▶ **About this task**
Omitting any pictures, transcribe the entries below exactly.

▶ **The data**
═══

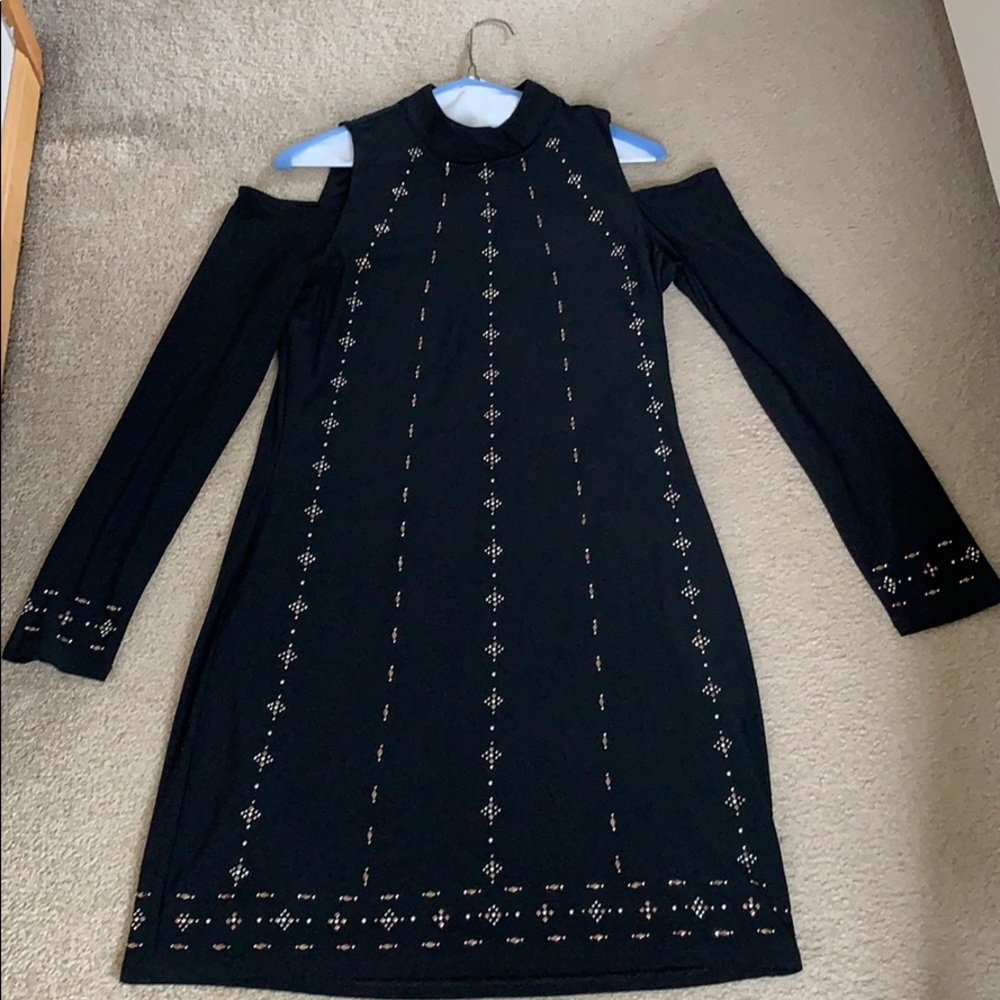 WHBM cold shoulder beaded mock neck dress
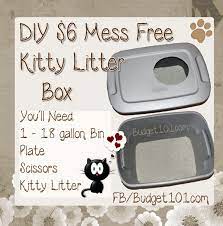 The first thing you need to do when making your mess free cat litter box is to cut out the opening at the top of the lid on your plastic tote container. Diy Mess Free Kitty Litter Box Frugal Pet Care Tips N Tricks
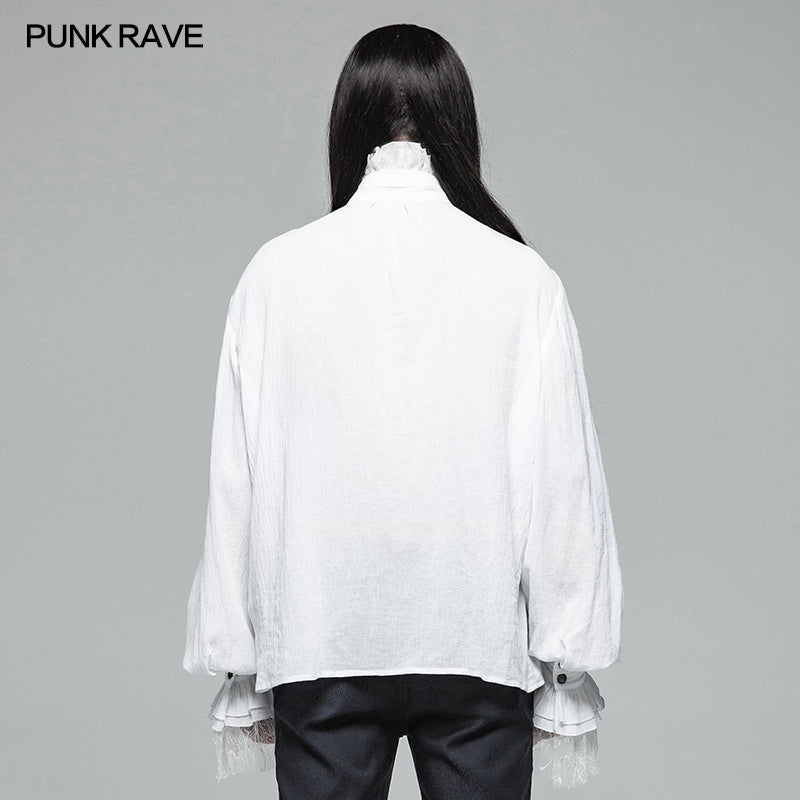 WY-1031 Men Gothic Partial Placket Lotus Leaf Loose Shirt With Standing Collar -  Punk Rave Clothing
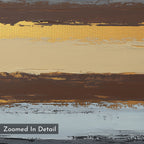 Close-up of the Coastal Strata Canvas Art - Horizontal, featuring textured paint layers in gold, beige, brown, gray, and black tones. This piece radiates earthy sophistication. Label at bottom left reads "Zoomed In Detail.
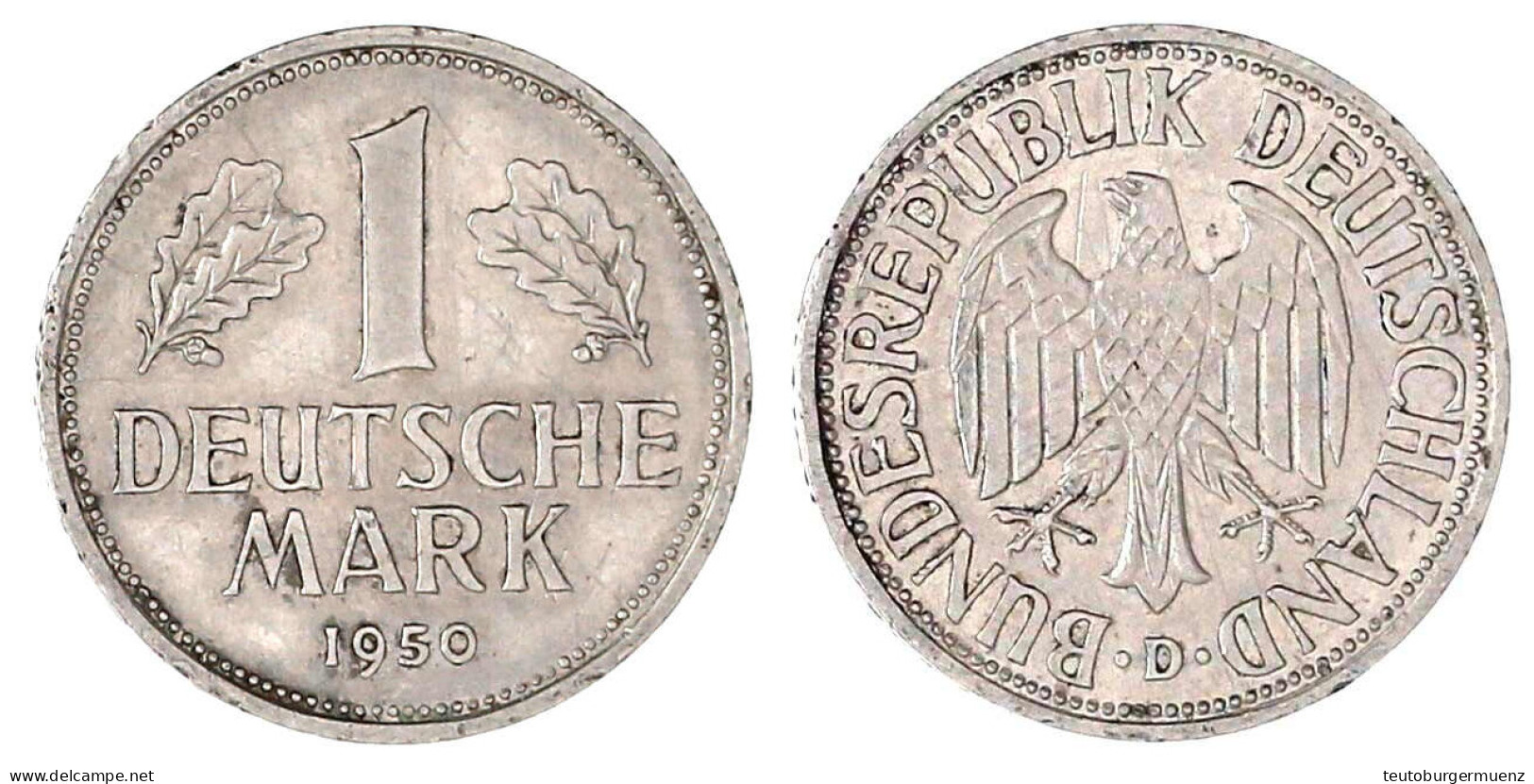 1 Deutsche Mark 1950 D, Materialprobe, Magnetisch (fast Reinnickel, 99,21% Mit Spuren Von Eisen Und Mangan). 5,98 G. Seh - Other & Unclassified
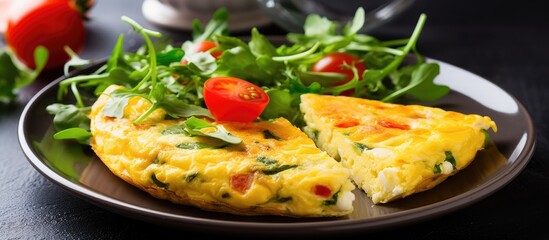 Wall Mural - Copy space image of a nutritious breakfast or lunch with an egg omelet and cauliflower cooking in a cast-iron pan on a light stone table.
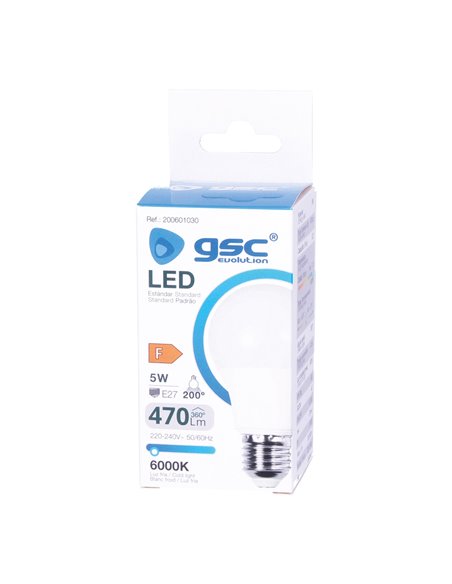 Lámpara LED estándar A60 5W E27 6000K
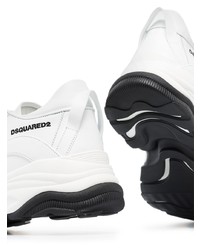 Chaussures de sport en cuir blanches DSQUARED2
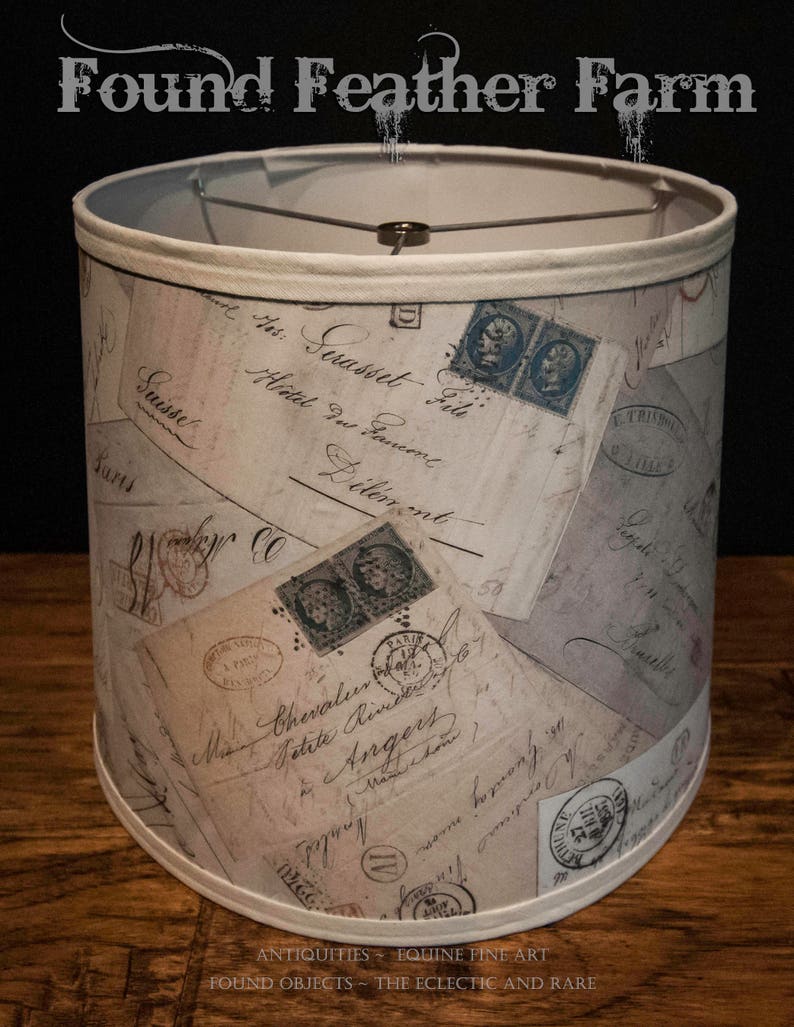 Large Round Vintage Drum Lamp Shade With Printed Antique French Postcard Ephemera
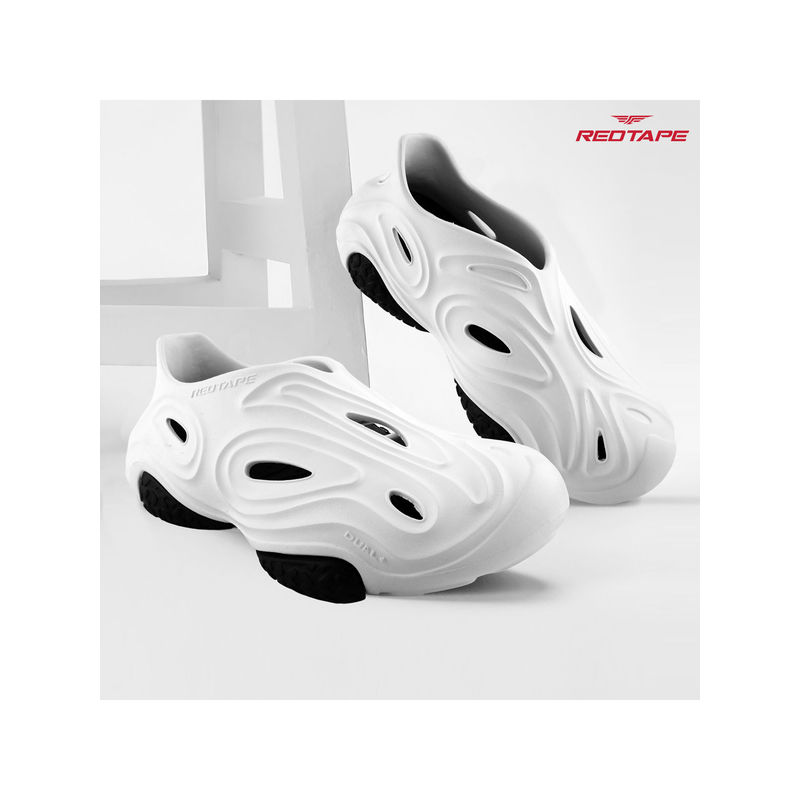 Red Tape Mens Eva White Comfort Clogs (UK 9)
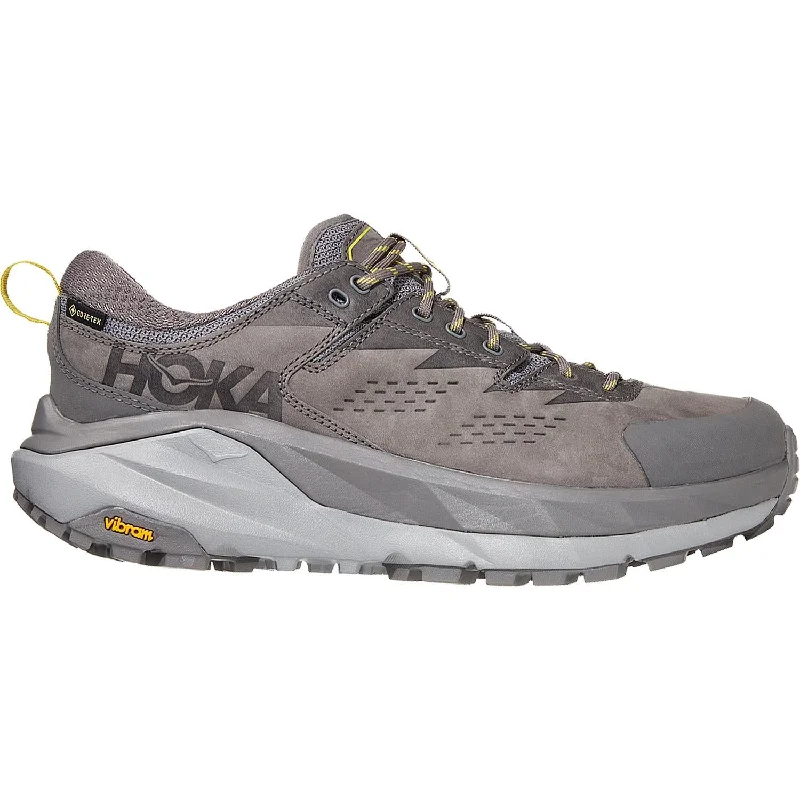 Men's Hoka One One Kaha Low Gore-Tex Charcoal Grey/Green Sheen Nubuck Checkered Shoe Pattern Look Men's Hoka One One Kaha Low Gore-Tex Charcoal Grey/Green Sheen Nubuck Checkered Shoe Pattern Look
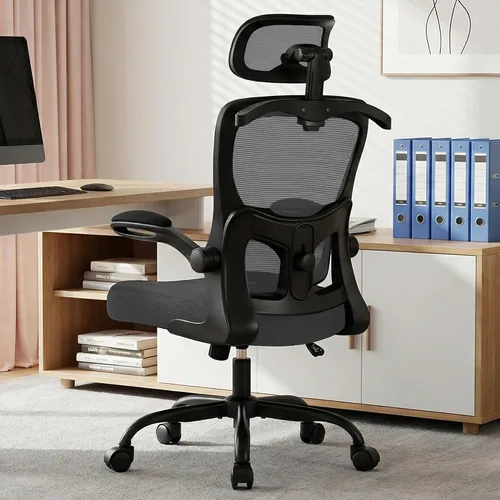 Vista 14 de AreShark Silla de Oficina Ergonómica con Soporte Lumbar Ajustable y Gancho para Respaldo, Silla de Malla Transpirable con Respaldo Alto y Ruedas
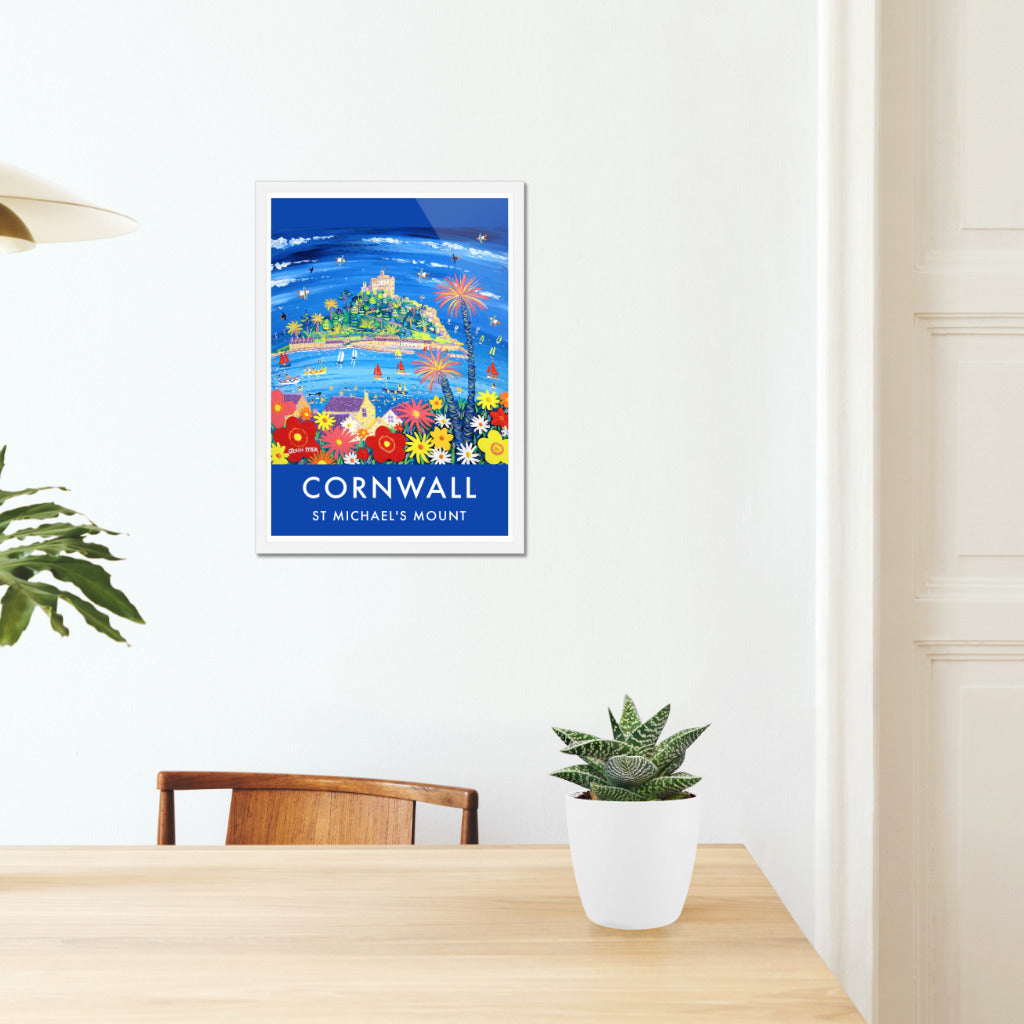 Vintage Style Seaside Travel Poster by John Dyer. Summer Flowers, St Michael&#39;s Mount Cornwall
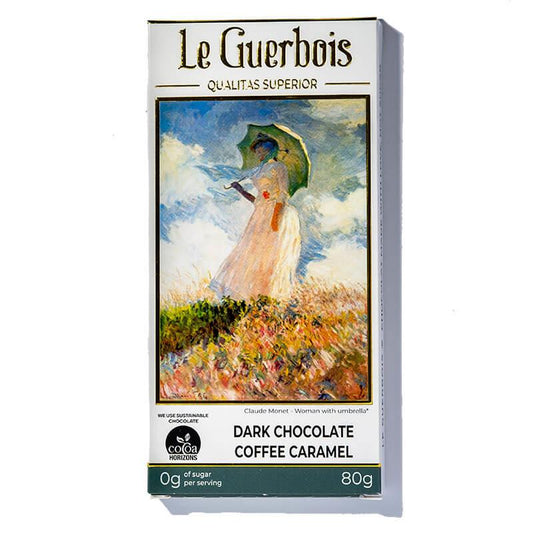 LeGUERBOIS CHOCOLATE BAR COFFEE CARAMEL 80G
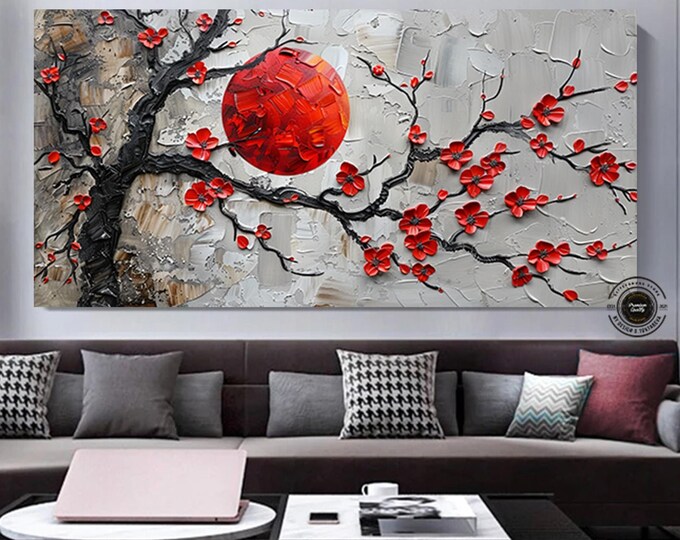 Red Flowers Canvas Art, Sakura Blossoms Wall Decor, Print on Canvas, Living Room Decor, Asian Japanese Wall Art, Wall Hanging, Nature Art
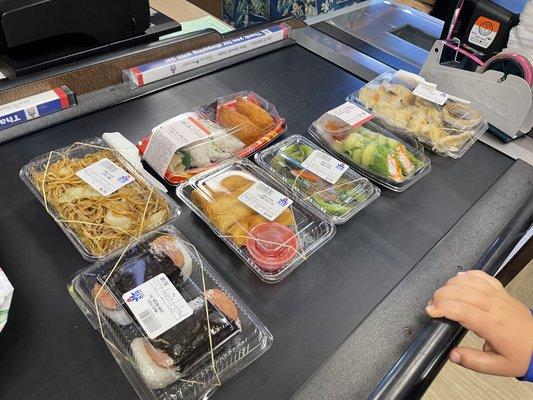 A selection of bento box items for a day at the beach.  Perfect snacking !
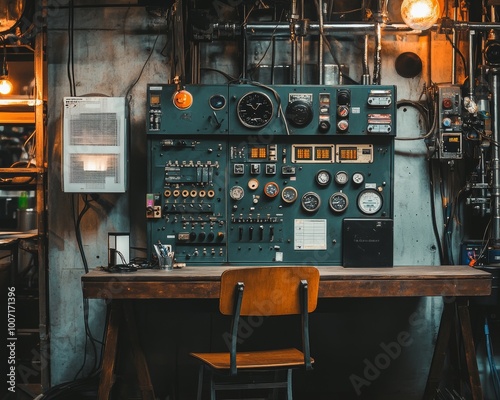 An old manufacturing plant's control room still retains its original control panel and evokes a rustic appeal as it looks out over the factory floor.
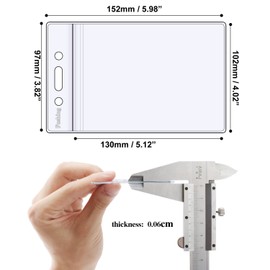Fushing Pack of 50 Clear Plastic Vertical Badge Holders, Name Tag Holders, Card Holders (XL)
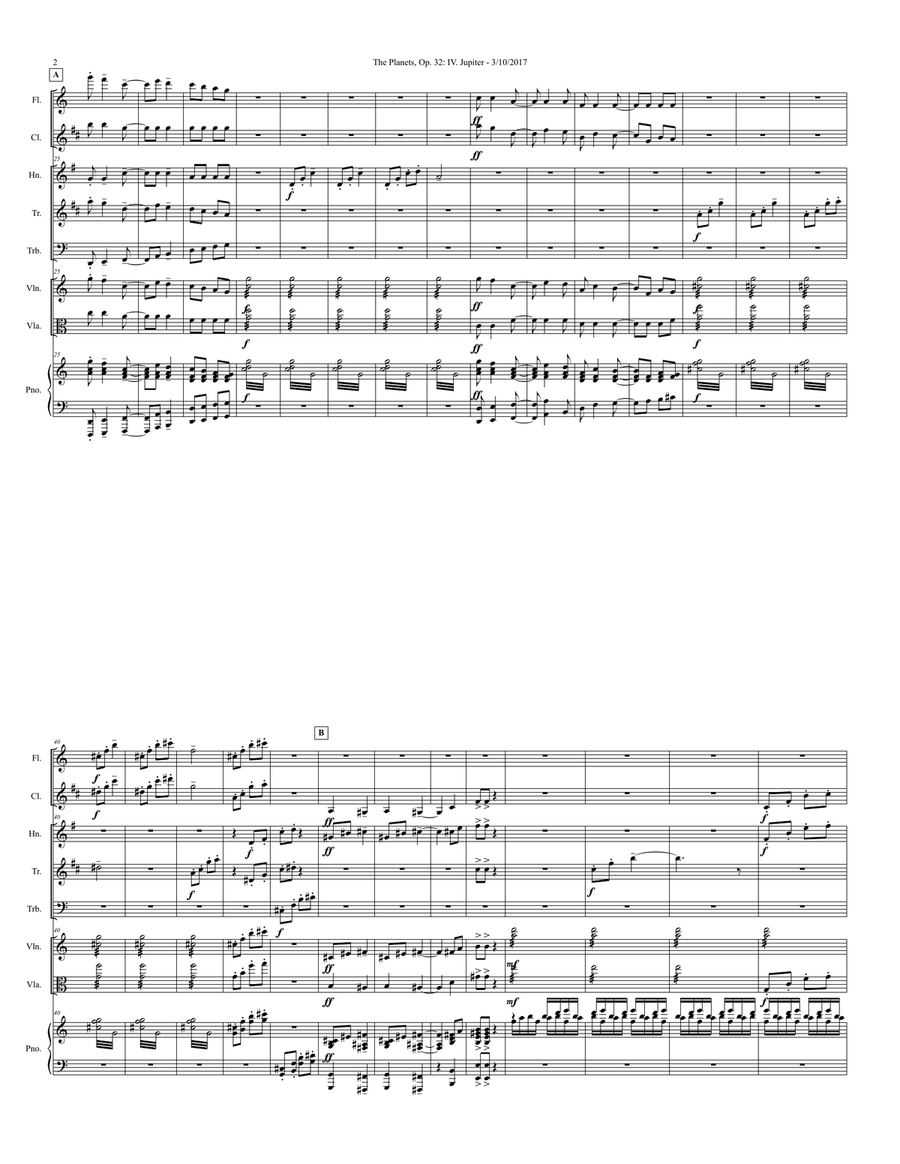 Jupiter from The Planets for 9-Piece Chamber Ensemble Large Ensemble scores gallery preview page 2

═══

▶ **Task response**
 WHBM cold shoulder beaded mock neck dress
 The first thing you need to do when making your mess free cat litter box is to cut out the opening at the top of the lid on your plastic tote container. Diy Mess Free Kitty Litter Box Frugal Pet Care Tips N Tricks
 WY-1031 Men Gothic Partial Placket Lotus Leaf Loose Shirt With Standing Collar -  Punk Rave Clothing
 Close-up of the Coastal Strata Canvas Art - Horizontal, featuring textured paint layers in gold, beige, brown, gray, and black tones. This piece radiates earthy sophistication. Label at bottom left reads "Zoomed In Detail.
 1 Deutsche Mark 1950 D, Materialprobe, Magnetisch (fast Reinnickel, 99,21% Mit Spuren Von Eisen Und Mangan). 5,98 G. Seh - Other & Unclassified
 Wall Mural - Copy space image of a nutritious breakfast or lunch with an egg omelet and cauliflower cooking in a cast-iron pan on a light stone table.
 Lámpara LED estándar A60 5W E27 6000K
 Chaussures de sport en cuir blanches DSQUARED2
 Large Round Vintage Drum Lamp Shade With Printed Antique French Postcard Ephemera
 Red Tape Mens Eva White Comfort Clogs (UK 9)
 Men's Hoka One One Kaha Low Gore-Tex Charcoal Grey/Green Sheen Nubuck Checkered Shoe Pattern Look Men's Hoka One One Kaha Low Gore-Tex Charcoal Grey/Green Sheen Nubuck Checkered Shoe Pattern Look
 Vista 14 de AreShark Silla de Oficina Ergonómica con Soporte Lumbar Ajustable y Gancho para Respaldo, Silla de Malla Transpirable con Respaldo Alto y Ruedas
 Vintage Style Seaside Travel Poster by John Dyer. Summer Flowers, St Michael&#39;s Mount Cornwall
 LeGUERBOIS CHOCOLATE BAR COFFEE CARAMEL 80G
 Red Flowers Canvas Art, Sakura Blossoms Wall Decor, Print on Canvas, Living Room Decor, Asian Japanese Wall Art, Wall Hanging, Nature Art
 A selection of bento box items for a day at the beach.  Perfect snacking !
 An old manufacturing plant's control room still retains its original control panel and evokes a rustic appeal as it looks out over the factory floor.
Fushing Pack of 50 Clear Plastic Vertical Badge Holders, Name Tag Holders, Card Holders (XL)
 Jupiter from The Planets for 9-Piece Chamber Ensemble Large Ensemble scores gallery preview page 2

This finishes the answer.